POP MUSIC REVIEWS : The Brand New Heavies Party Down at the Palace
There’s a scene in “Crooklyn” in which Spike Lee’s early-’70s family dances along to the funky steps on TV’s “Soul Train.” Were that family to be transported two decades forward in time, the group they’d no doubt recognize and love best would be the Brand New Heavies, whose soul sound is neither heavy nor brand-new, but who still very effectively manage to shake the dust off the sucker.
The Palace was packed Tuesday with a sell-out crowd of evenly dispersed racial diversity, prompting one record exec to describe the throng as “very Benetton.” Anglophiles mixed freely with R&B; freaks and though leggy singer N’Dea Davenport hails from Atlanta, the three mod-ish blokes who make up the remainder of the core quartet (augmented live by six more players) are Brits. Even knowing that, it still seemed a shock the first time bassist Andrew Levy accentedly spoke up, so indigenously ours is their sound.

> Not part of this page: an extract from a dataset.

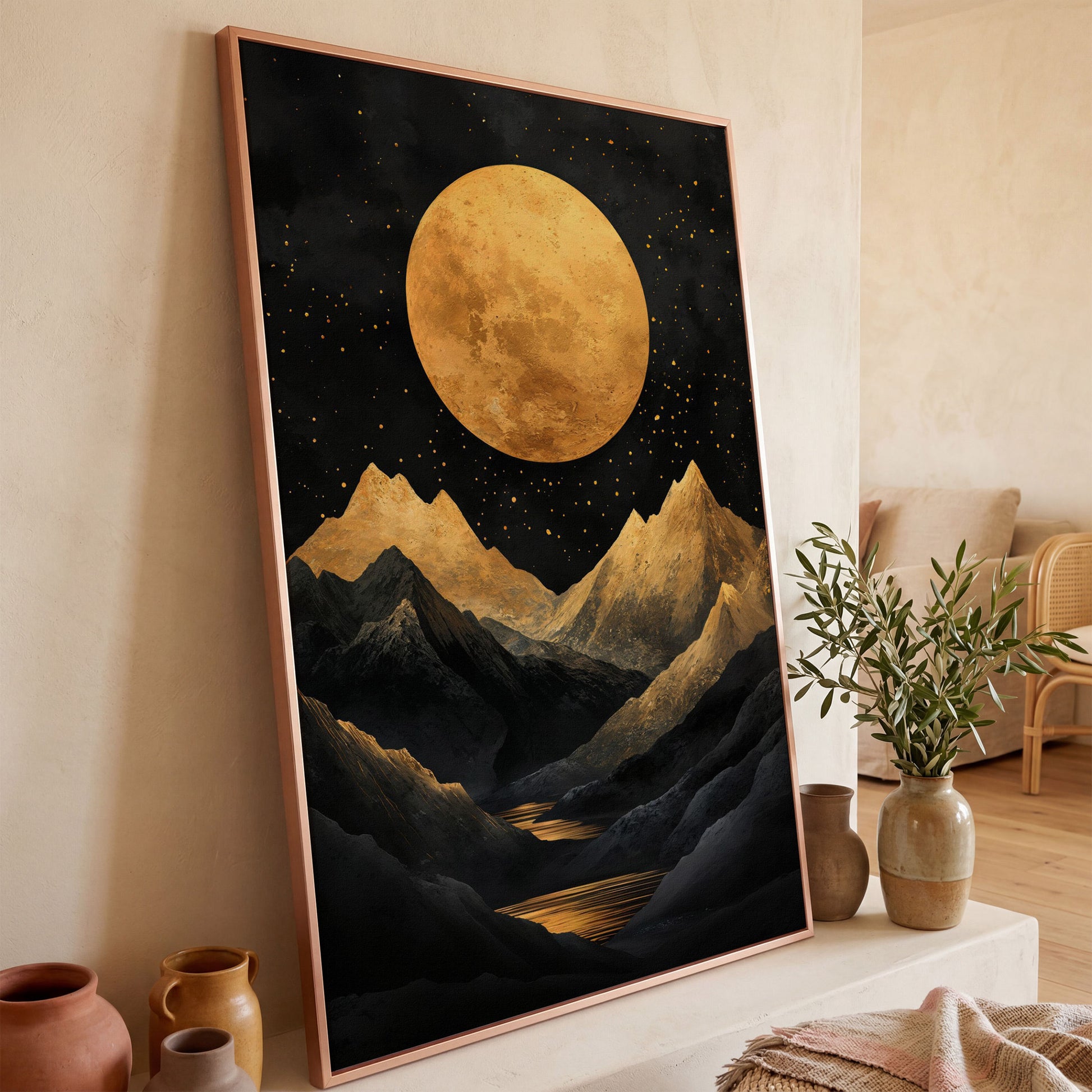 Golden Moon Over Mountains Canvas in rose gold floating frame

So leave it to the English to again feed us back what we’ve forgotten, and good. After keeping the sardines waiting an unaccountably long time, the Heavies arrived with a relatively-worth-the-wait 90-minute set firmly on the axis extending from James Brown staccato horn riffs) to War (wah-wah funk guitar) to Chic (good-timey disco) to fellow revivalists Lisa Stansfield and Soul II Soul.
Davenport’s athleticism was more celebratory than sultry, and the tight band harked back to a more carefree time of rampant trombone solos. If undeniably featherweight, this is the all-purpose party band of the moment.